◆ WORK TO COMPLETE:
Print the lines in the listing below that fall between the line with "Wildflowers on a Wooden Box" and the line with "winter landscape with trees", those two lines included, exactly as they stand and with nothing else.

◆ LISTED ENTRIES:
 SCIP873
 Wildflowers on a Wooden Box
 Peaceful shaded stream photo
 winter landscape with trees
...
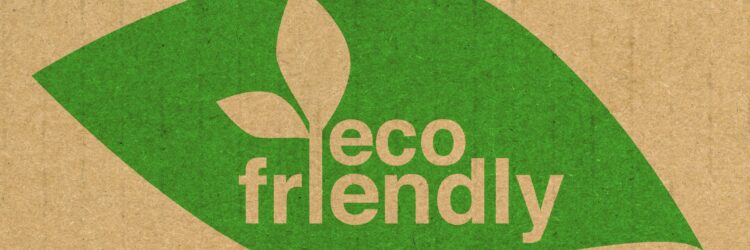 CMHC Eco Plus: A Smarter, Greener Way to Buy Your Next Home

◆ ANSWER TO THE EXERCISE:
 Wildflowers on a Wooden Box
 Peaceful shaded stream photo
 winter landscape with trees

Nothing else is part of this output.